丸の内に新しくオープンした三菱一号館美術館。それは丸の内で最初のオフィス・ビル三菱一号館を復元した建物で、そこが美術館となった。
その開館記念展として開催されたのが、『マネとモダン・パリ』。
戦前の建物を復元しただけあって、レトロな雰囲気の館内。従来の美術館の概念を大きくぶち破った構造となっていた。
2階と3階が展示室になっていて、まず3階から順に廻るようになっていた。窓こそないが廊下や仕切りがあり、大広間があったり暖炉が備え付けられている小部屋なんかもあって、古い大きな洋館を巡っているようだった。
大きく3つの時代に分けられていて、まず最初は “スペイン趣味とレアリスム : 1850-60年代”。この時代は、ベラスケスの影響が大きいらしい。
印象的だったのは、元々はサロン用の大きな絵だったものを、スペイン趣味だの遠近法だのといろんな批判が集まったために結局ふたつに切ったという絵のひとつ、「死せる闘牛士(死せる男)」。黒の色使いがとても心に残った。これはワシントンからの出展だが、もうひとつの 「闘牛のエピソード」 はニューヨークにあるらしい。

エミール・ゾラというマネの友人の肖像画のバックには、浮世絵や同じ展示室に飾られていた 「オランピア」 という作品の絵が描かれているのが面白かった。

その背景部分と 「オランピア」(1867)


このセクションでいちばん惹かれたのは、この作品。大広間にあったのだが、ひと通り見たあと再び戻って、暫くこの絵の前でじっと眺めていた。なんだか気持ちが安らいだ。
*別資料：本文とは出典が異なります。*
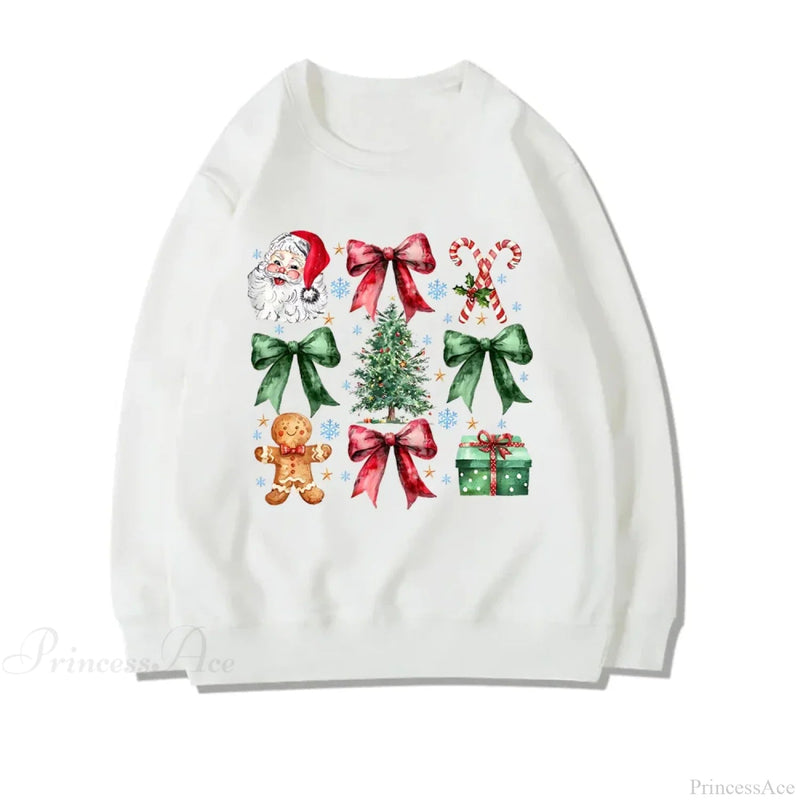 Stylish Coquette Christmas Santa Sweatshirt Holiday Christmas Hoodie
次のテーマは “親密さの中のマネ : 家族と友人たち”。
色使いがだんだん明るくなっていくのが分かる。オランダ旅行やヴェネチア滞在中の制作を機に、インディゴブルーやエメラルドグリーンを確立したのだそうだ。
マネの弟とマネの妻を描いた 「浜辺にて」 の、空0.5、海2.5、砂浜7.0の割合が絶妙なバランスをかもし出す。
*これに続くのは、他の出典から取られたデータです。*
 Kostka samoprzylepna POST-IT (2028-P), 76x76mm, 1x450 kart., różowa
後に弟の妻となるベルト・モリゾの肖像画が5点あり、弟と結婚する前と後では彼女の表情が違うのが感じ取れるところから、マネとモリゾはお互いに惹かれ合っていたのだろう。きっとお互いにその気持ちを打ち明けないままで・・・。
タイトル写真のチラシの絵は 「すみれの花束をつけたベルト・モリゾ」。私は5点の中では唯一全身の姿が描かれているという 「バラ色のくつ」 が気に入った。

このセクションでいちばん心惹かれたのは、「燕」 という作品。その燕は右側の草の部分に小さく二羽いるだけなのに、作品のタイトルとなっている。
のどかな田園風景の彼方に見える風車や村の様子がほのぼのとしていて、女性ふたりの洋服の色が対照的なのも印象に残った。
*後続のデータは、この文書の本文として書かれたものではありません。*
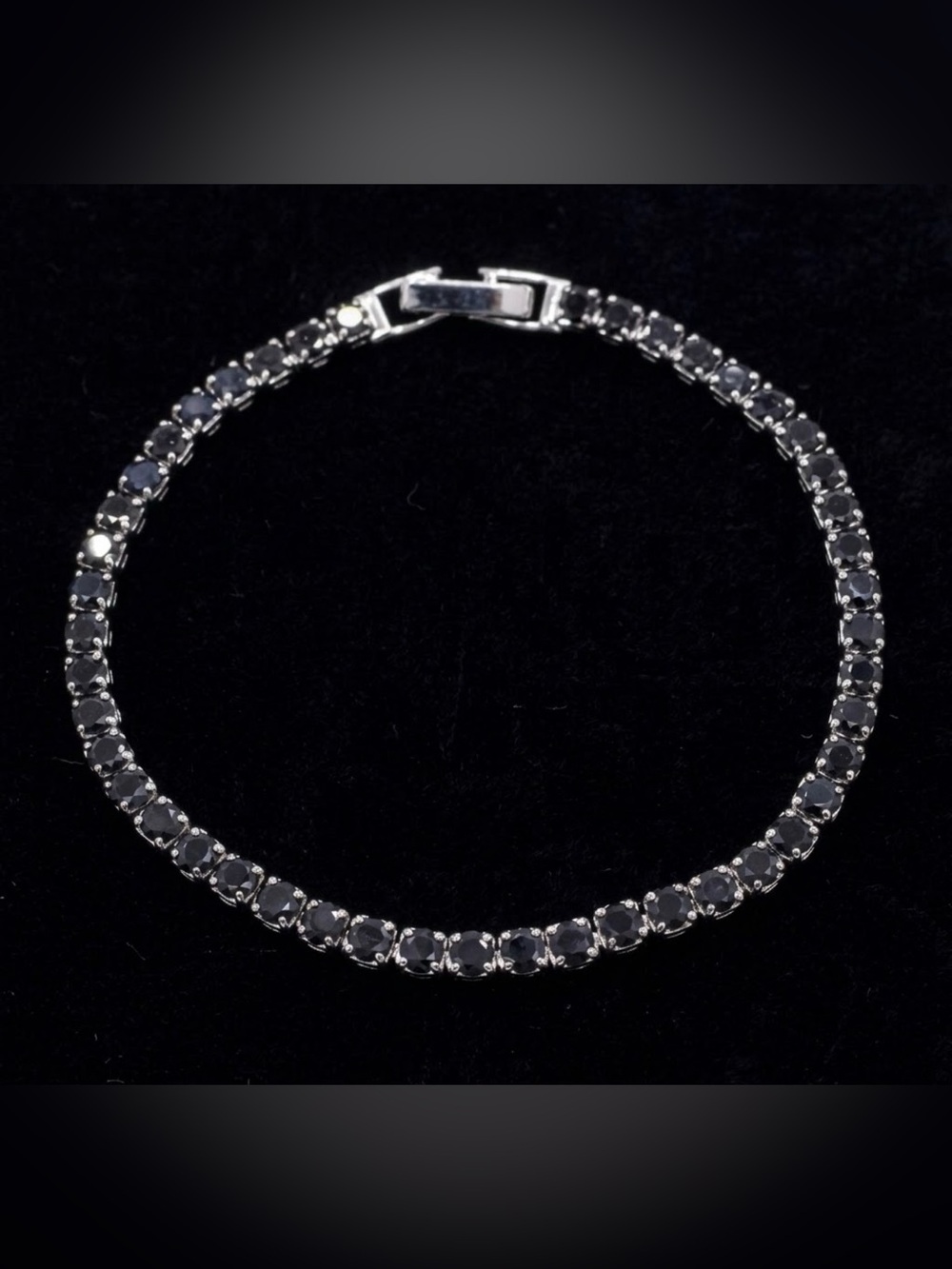 Classic Black Stone Tennis Bracelet - Women Jewelry CZ gold plated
2階に下りて、今回のメインでもある3つめのテーマ “マネとパリ生活” では、マネ以外のアーティストの作品もあり、19世紀のパリの街の人々を描いた様々な絵が展示され、その中には聖堂の設計図案やパリのオペラ座の彫像なんかもあった。
この頃は、サロンで認められてこそ価値があると言われていた時代。華やかなパリの人々の生活が見え隠れする作品がたくさんあった。

マネの日本趣味の影響が漂う、エッチングで描かれた猫シリーズはとってもキュートだったし、晩年のマネは静物をたくさん描いていたということを知ることもできた。


なんか美術館で鑑賞したというより、前途したように古い洋館に飾られている絵のコレクションを見て廻ったという印象が強く、とても趣があってアットホームなゆったりとした気分で鑑賞することができた。かの有名な作品 「笛を吹く少年」 はなかったが・・・。
お気に入りの美術館がひとつ増え、この美術館、その中でもひょっとしたらいちばん好きになったかも・・・。